PS Can you tell when Dan contributes to the blog?

Departure (finally)

I know that it may sound a bit crazy, but I spent a good part of the last day home cleaning the house. I can only imagine how “furry” it will be upon our return.

The other part of the day was spent dealing with unemployment. I was laid off last Thursday. I admit that it was unexpected, but business had been rather slow. While I wasn’t the only one given notice, I was probably the only one that was happy about it. It was time for a change and I’ll have the Summer and Fall to figure out what do I’ll do next. Did you know you could collect unemployment if you were a part time employee?

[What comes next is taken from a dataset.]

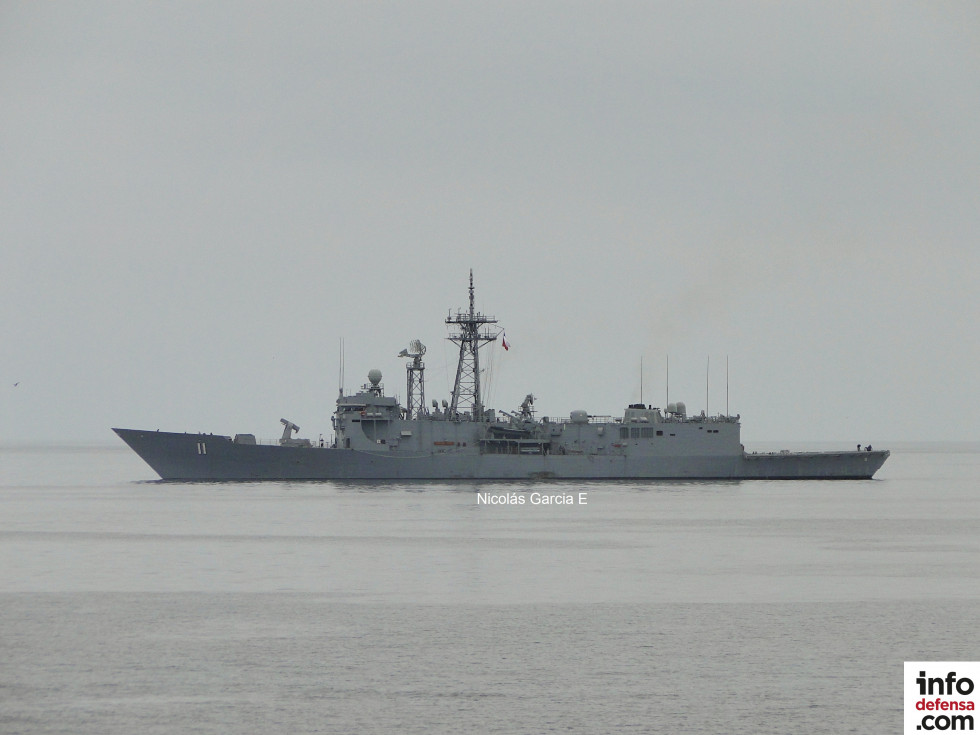 Fragata antiaérea clase Adelaide FFG11 Capitán Prat navegando en la bahía de Valparaíso Foto Nicolás García E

All appears to be ready. Dan worked all day yesterday and then finished his list of to do’s which included such pleasant tasks as changing the cat litter and taking out the garbage.

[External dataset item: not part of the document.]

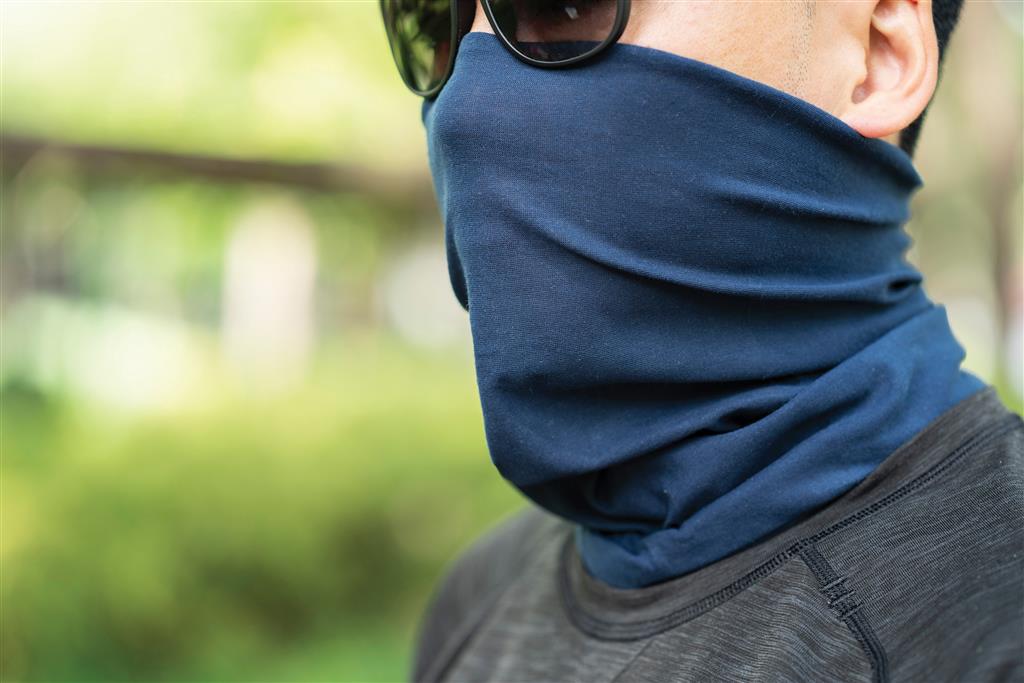 Multifunctional scarf - illuminated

Now the car is packed and it is time to be on our way. As usual we are a little off schedule, but only an hour this time.

PS This is for Jessica and Jonathan. We washed the car yesterday.carD&Whouse

Another Day of Preparation

If you have gotten to the point where you can read this, it appears that we’ve been at least marginally successful of creating a blog and adding photos.  For the first time, instead of writing in a daily diary after a long day of exploring, we’ll be “blogging.”  We aren’t promising that we will post things on a daily basis — it is a vacation after all– but we will do our best, because it will serve as a record of our travels.

We are getting quite excited now that most of our preparation is done.  Dan and I aren’t known for being light packers, and it isn’t easy packing for a trip where temperatures could be in the low 20’s in Wyoming and Montana and over 100 degrees in Arizona.  However, we are driving and that makes packing alot easier.

Below is a photo of our cats Quigley and Rascal.  Whether they will miss us or not is  questionable, but they will be well looked after.  Actually we just wanted to practice inserting another photo.